* [What to do]:
I'd like every entry returned exactly as it is, with the images left out.

[Image-text web data]
--

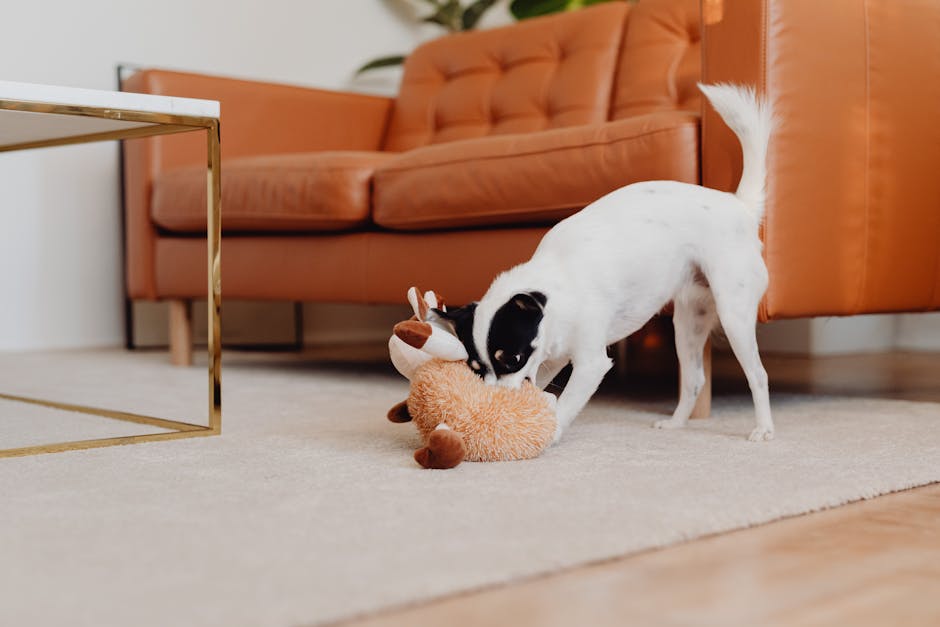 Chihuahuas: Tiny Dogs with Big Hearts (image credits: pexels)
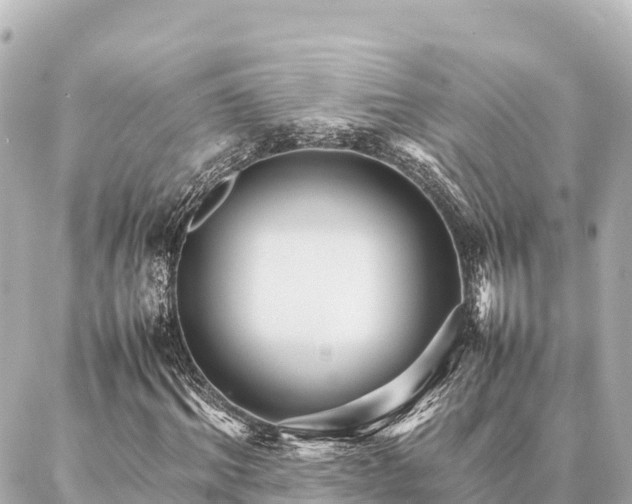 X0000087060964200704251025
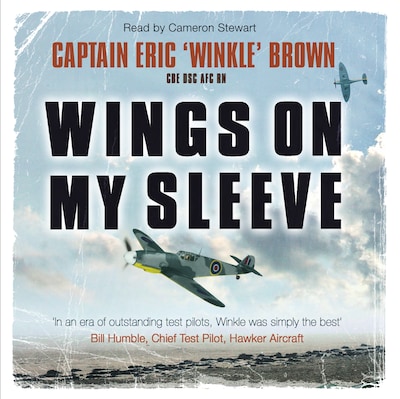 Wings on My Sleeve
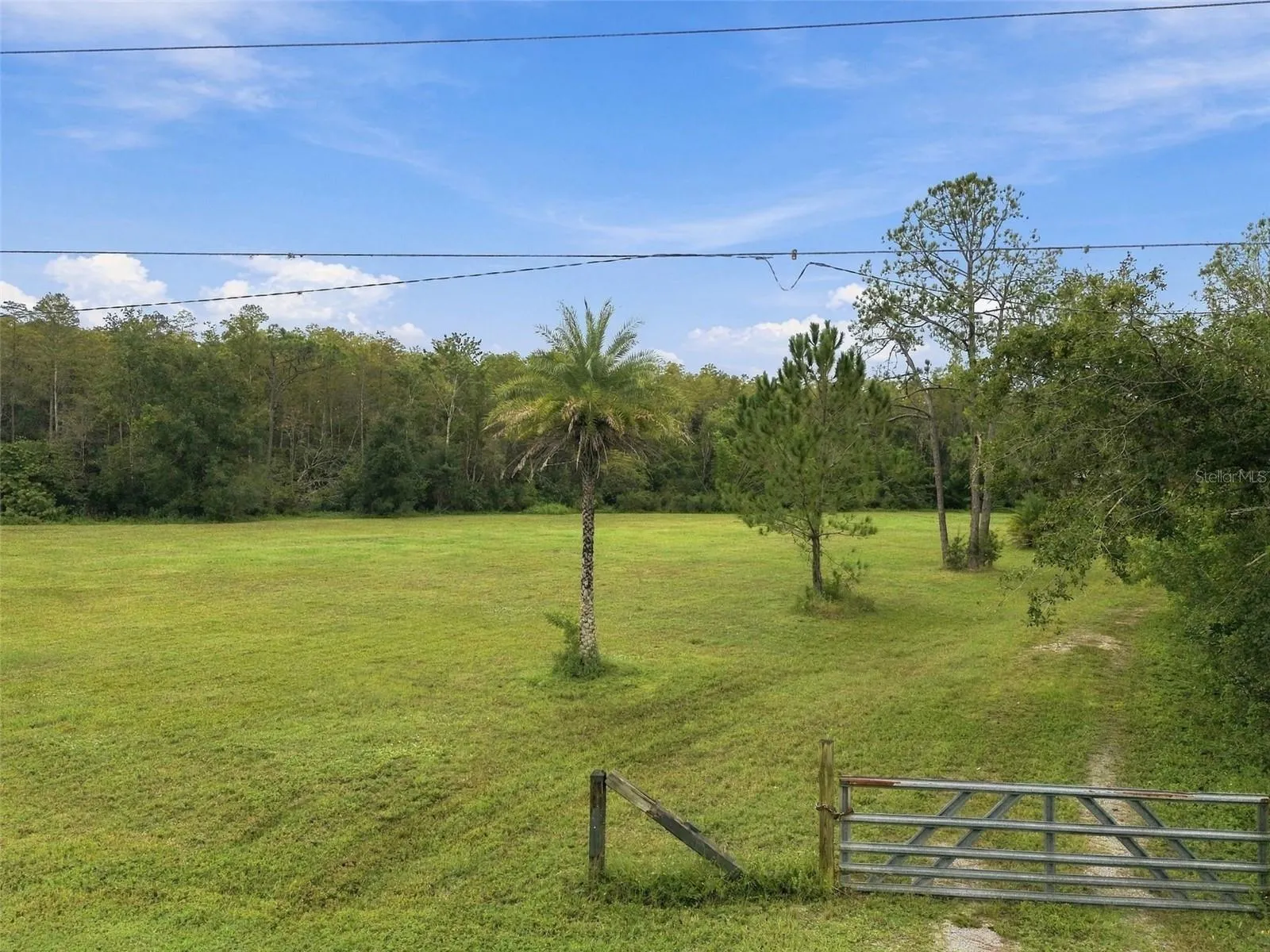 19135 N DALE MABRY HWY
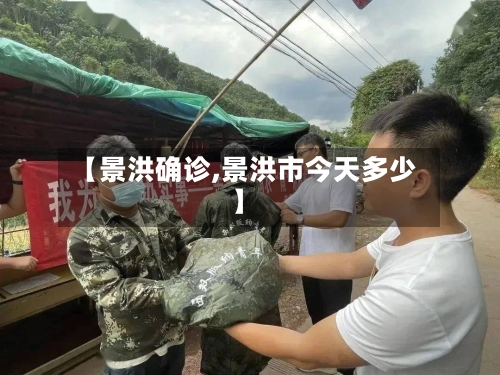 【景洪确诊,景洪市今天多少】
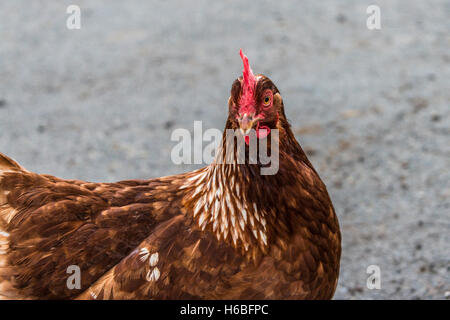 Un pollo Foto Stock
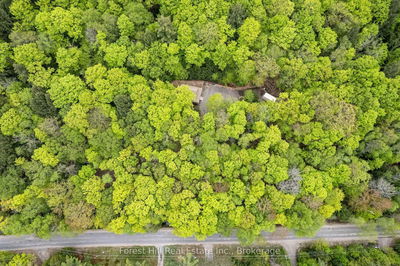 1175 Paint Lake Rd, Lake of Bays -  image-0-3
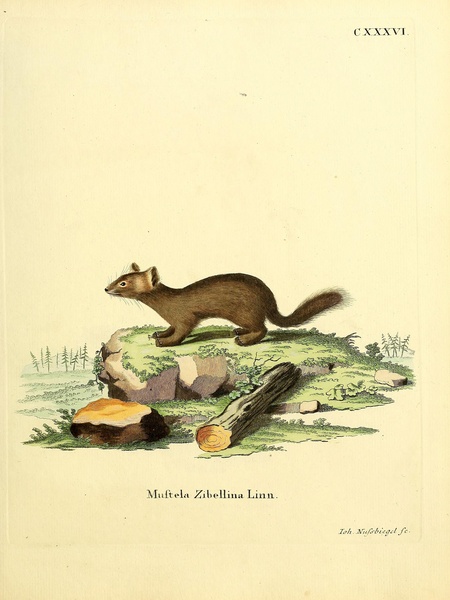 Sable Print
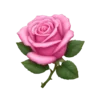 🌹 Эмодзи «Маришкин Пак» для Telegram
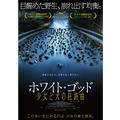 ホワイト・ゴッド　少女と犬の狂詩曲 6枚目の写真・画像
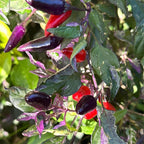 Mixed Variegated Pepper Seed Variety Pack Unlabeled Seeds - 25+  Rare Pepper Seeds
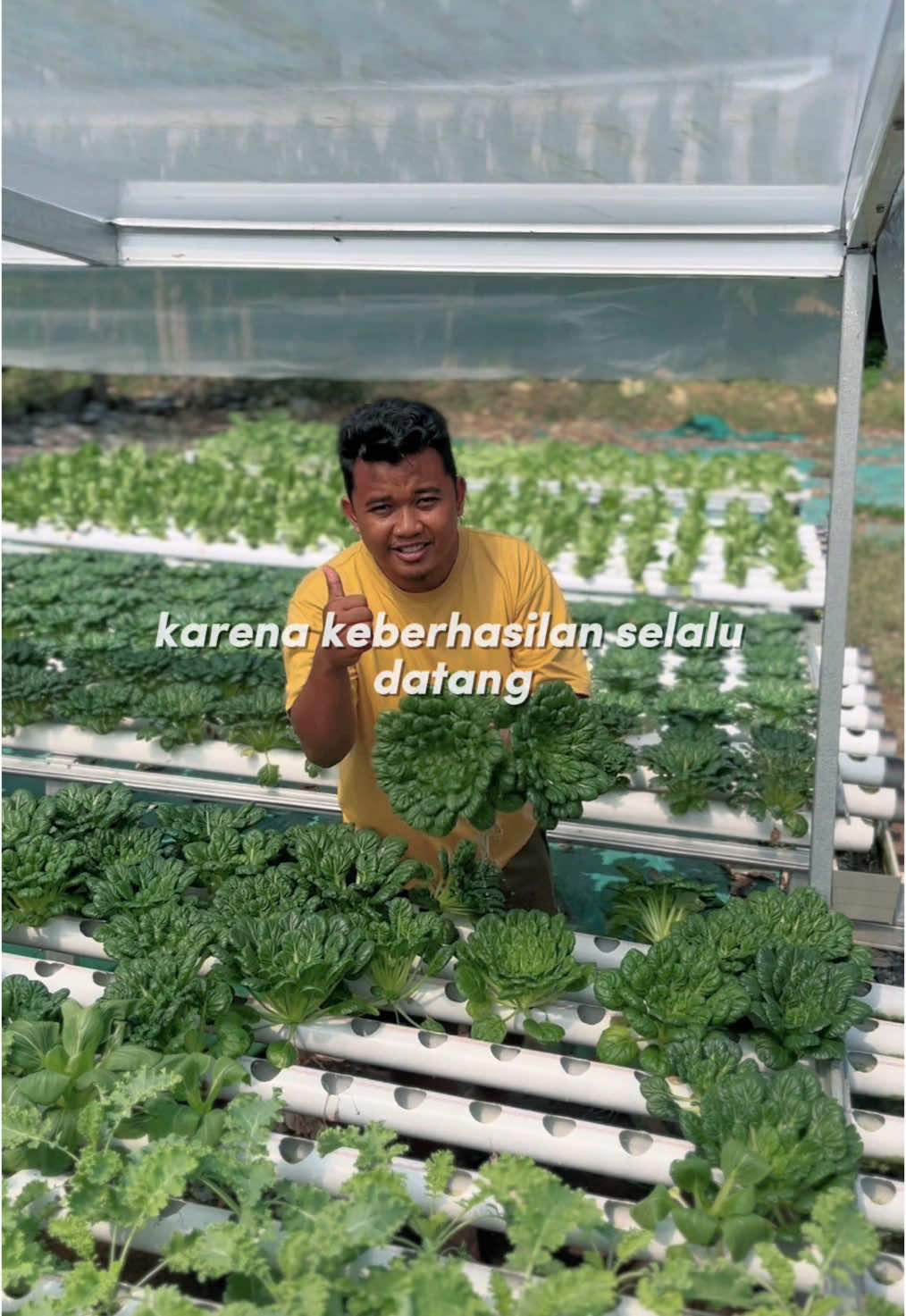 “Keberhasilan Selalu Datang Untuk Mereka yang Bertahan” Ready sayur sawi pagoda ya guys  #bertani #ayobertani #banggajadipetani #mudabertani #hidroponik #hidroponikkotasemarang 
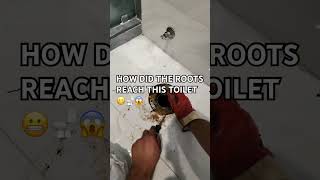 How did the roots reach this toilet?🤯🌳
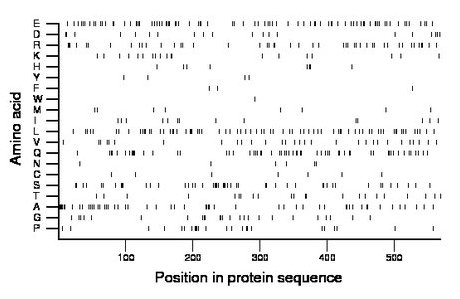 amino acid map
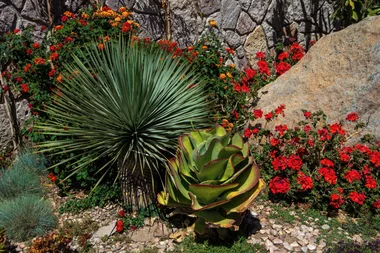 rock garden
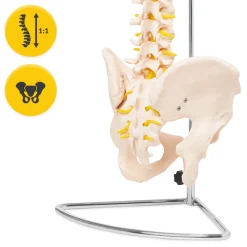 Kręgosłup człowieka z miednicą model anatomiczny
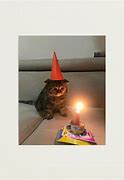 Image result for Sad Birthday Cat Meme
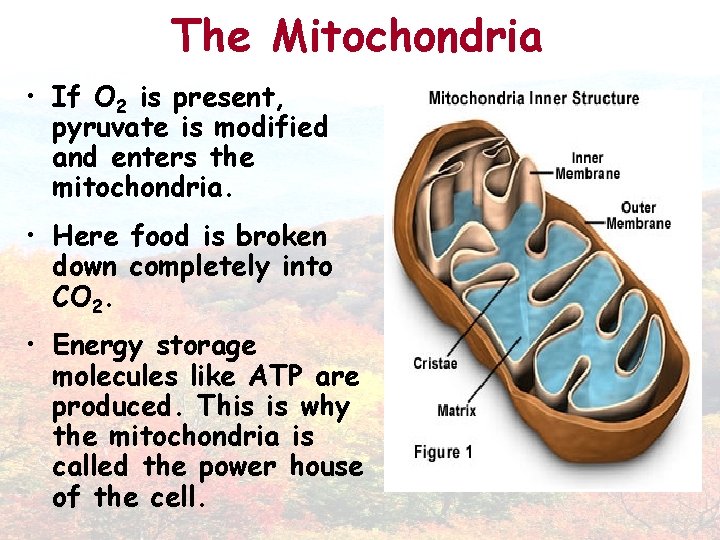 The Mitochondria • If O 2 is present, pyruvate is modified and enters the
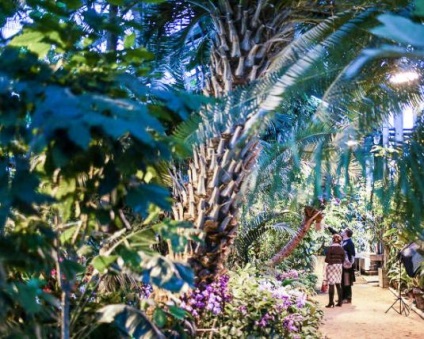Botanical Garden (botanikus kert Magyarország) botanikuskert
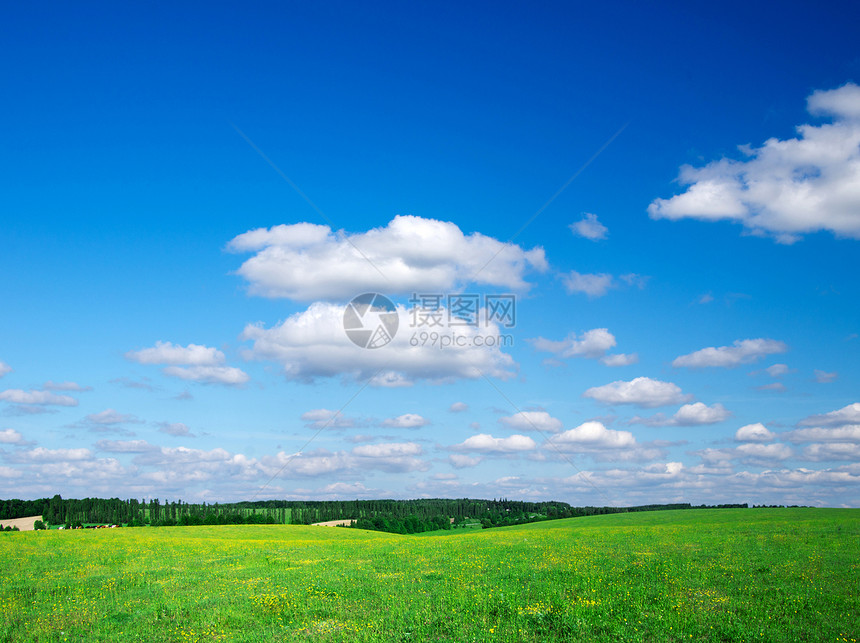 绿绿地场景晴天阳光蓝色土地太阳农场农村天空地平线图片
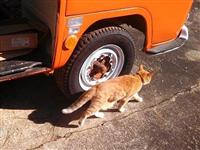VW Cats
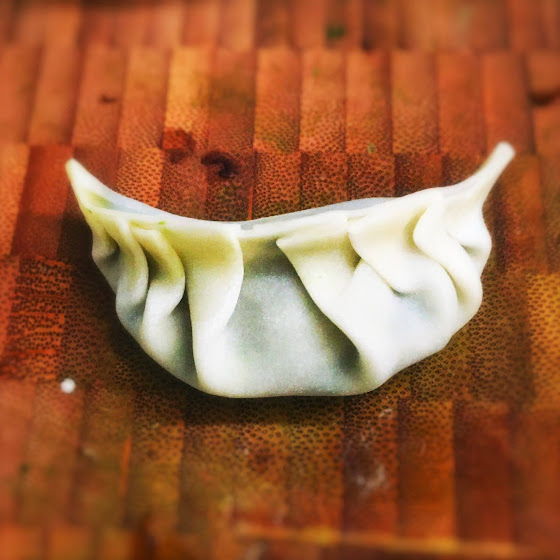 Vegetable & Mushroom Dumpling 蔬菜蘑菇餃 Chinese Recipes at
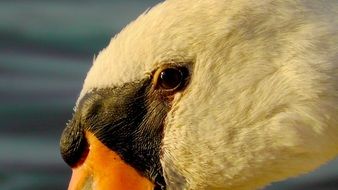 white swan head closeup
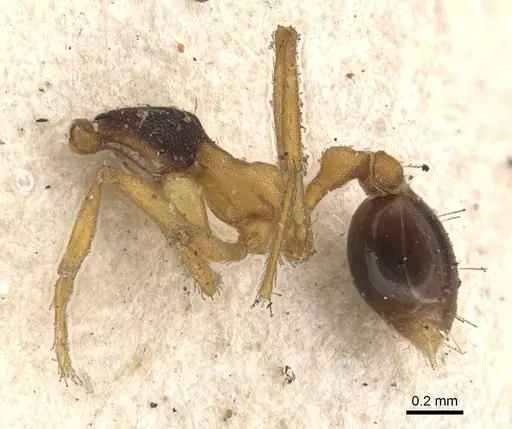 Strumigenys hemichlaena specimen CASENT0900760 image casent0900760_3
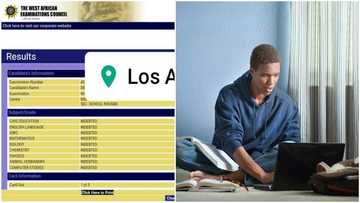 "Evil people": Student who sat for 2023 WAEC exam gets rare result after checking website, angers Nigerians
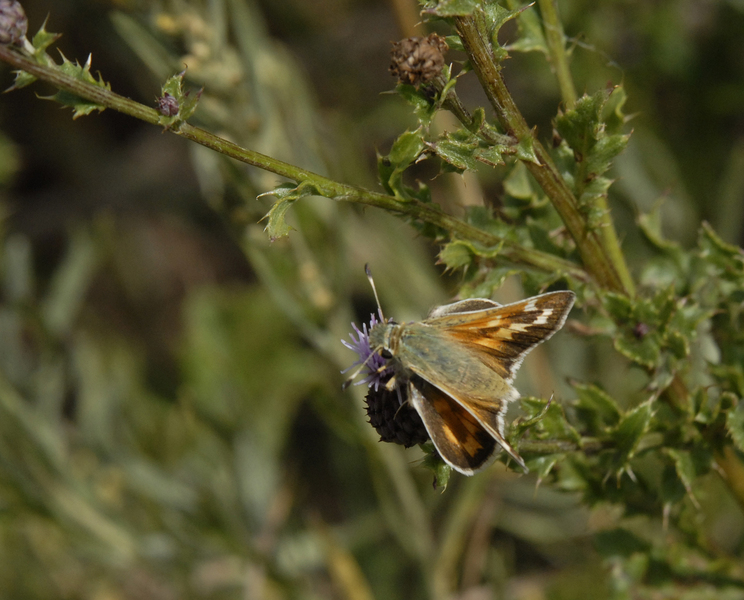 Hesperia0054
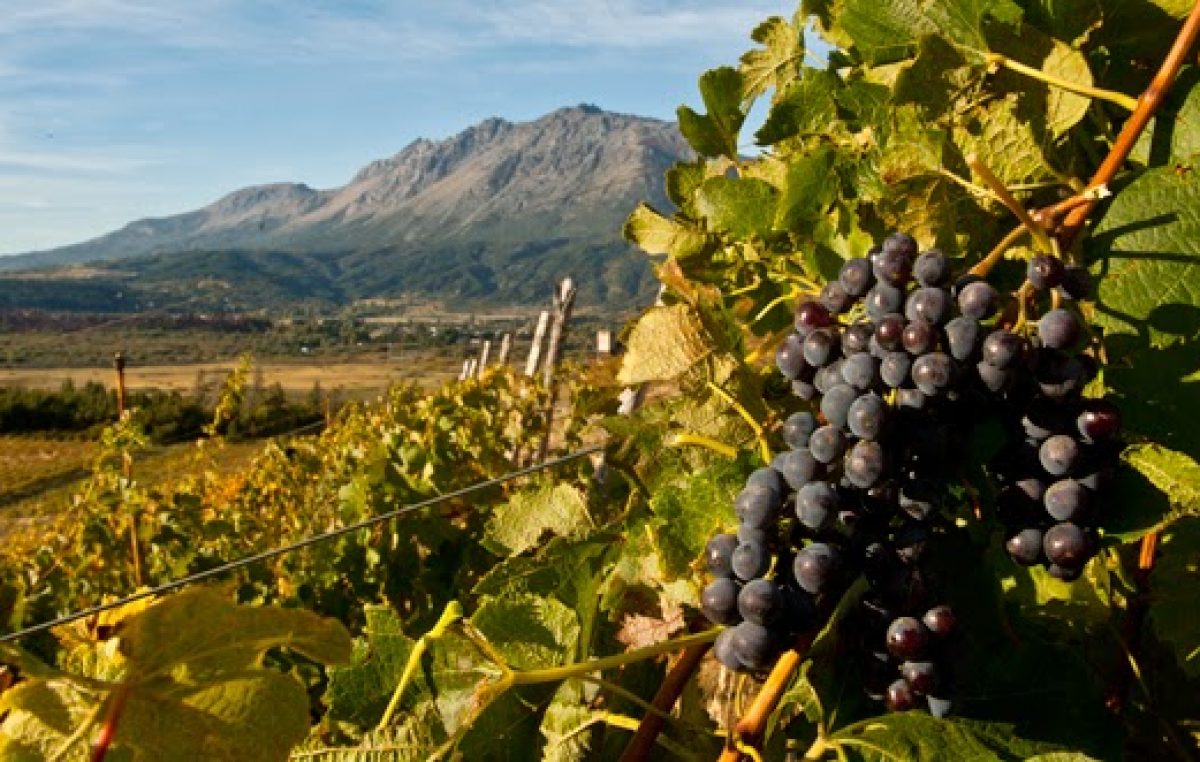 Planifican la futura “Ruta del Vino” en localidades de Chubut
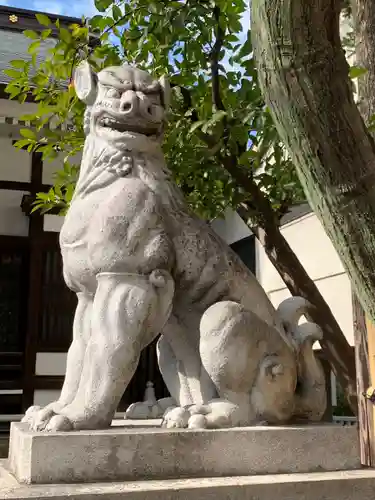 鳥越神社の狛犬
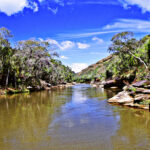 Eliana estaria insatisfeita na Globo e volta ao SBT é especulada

--

* [Output for this exercise]:
 Chihuahuas: Tiny Dogs with Big Hearts (image credits: pexels)
 X0000087060964200704251025
 Wings on My Sleeve
 19135 N DALE MABRY HWY
 【景洪确诊,景洪市今天多少】
 Un pollo Foto Stock
 1175 Paint Lake Rd, Lake of Bays -  image-0-3
 Sable Print
 🌹 Эмодзи «Маришкин Пак» для Telegram
 ホワイト・ゴッド　少女と犬の狂詩曲 6枚目の写真・画像
 Mixed Variegated Pepper Seed Variety Pack Unlabeled Seeds - 25+  Rare Pepper Seeds
 “Keberhasilan Selalu Datang Untuk Mereka yang Bertahan” Ready sayur sawi pagoda ya guys  #bertani #ayobertani #banggajadipetani #mudabertani #hidroponik #hidroponikkotasemarang 
 How did the roots reach this toilet?🤯🌳
 amino acid map
 rock garden
 Kręgosłup człowieka z miednicą model anatomiczny
 Image result for Sad Birthday Cat Meme
 The Mitochondria • If O 2 is present, pyruvate is modified and enters the
Botanical Garden (botanikus kert Magyarország) botanikuskert
 绿绿地场景晴天阳光蓝色土地太阳农场农村天空地平线图片
VW Cats
 Vegetable & Mushroom Dumpling 蔬菜蘑菇餃 Chinese Recipes at
 white swan head closeup
 Strumigenys hemichlaena specimen CASENT0900760 image casent0900760_3
 "Evil people": Student who sat for 2023 WAEC exam gets rare result after checking website, angers Nigerians
 Hesperia0054
 Planifican la futura “Ruta del Vino” en localidades de Chubut
 鳥越神社の狛犬
 Eliana estaria insatisfeita na Globo e volta ao SBT é especulada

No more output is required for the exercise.